Et pourtant, c'est là que Dieu vient implanter sa "résidence secondaire". C'est de là que Jésus le Messie va partir pour transmettre son message d'Amour et nous révéler toute la tendresse de son Père.
Dieu continue de naître aujourd'hui chez les sans grades, les gens sans toit, sans terre, sans droit...Mais il ne peut naître que si comme Marie, nous répondons oui pour faire vivre la fraternité universelle.
Joyeux Noël à toi et tous tes fidèles lecteurs.
Quelle belle histoire tu nous racontes là, Olivier !
Un grand merci de nous faire partager cette homélie. C'est un vrai cadeau de lire ce récit et les réflexions qui l'accompagnent (notamment sur la place que l'on accorde aux femmes dans l'Eglise).

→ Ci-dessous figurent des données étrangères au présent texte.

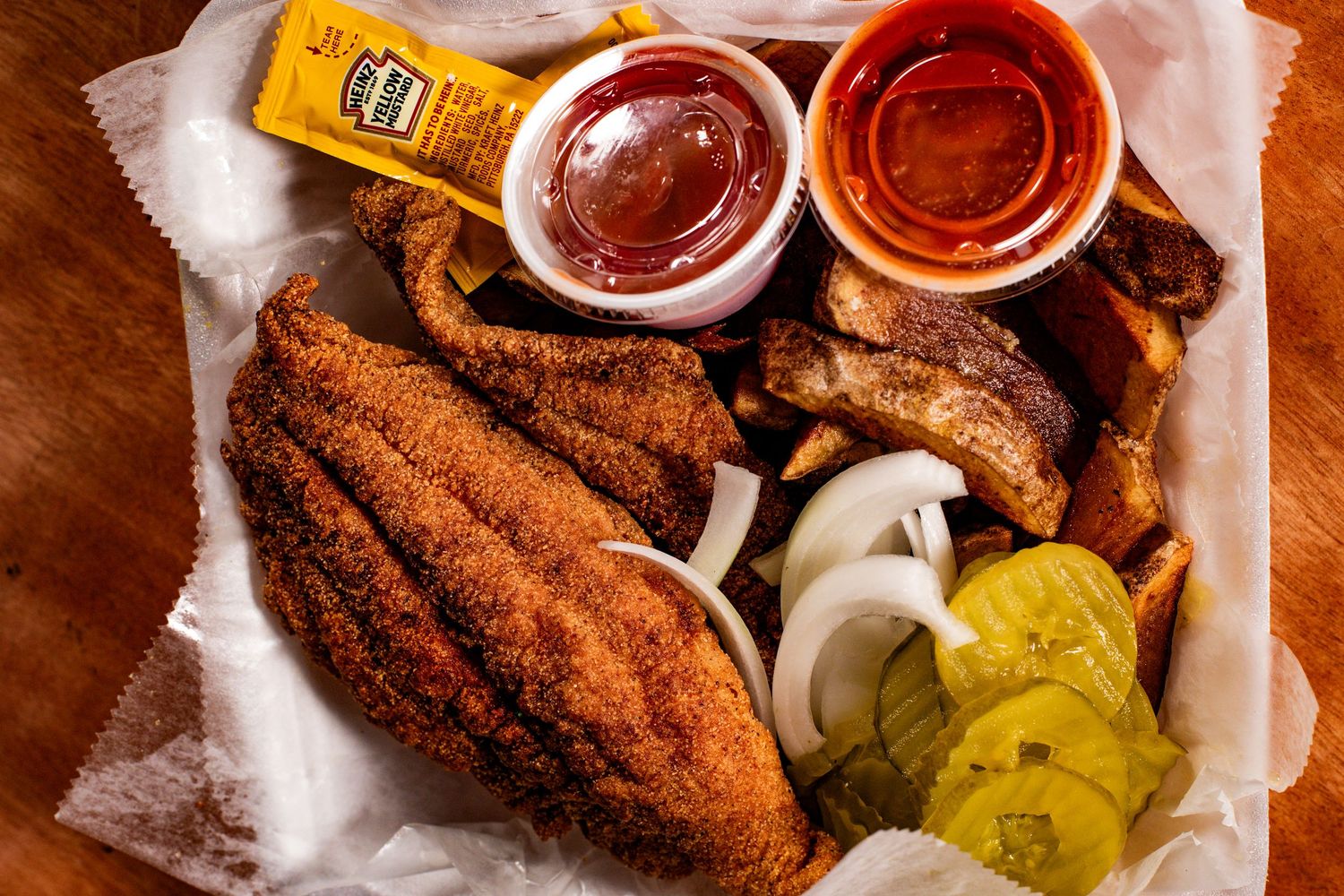 Crispy fried fish with pickles, onions and dipping sauces served on paper.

La surprise, l'inédit, l'inattendu... Dieu sait toujours se présenter et s'offrir à nous là où on ne l'attend pas forcément.
Je salue l'audace, la confiance et le don de soi dont a fait preuve cette Marie qui a participé à toute l'oeuvre de Dieu et à la naissance de son fils Jésus. Elle sans qui tout cela n'aurait pas été possible non plus !
Merci aussi pour le très beau chant de Choeur que tu nous proposes en partage, Olivier !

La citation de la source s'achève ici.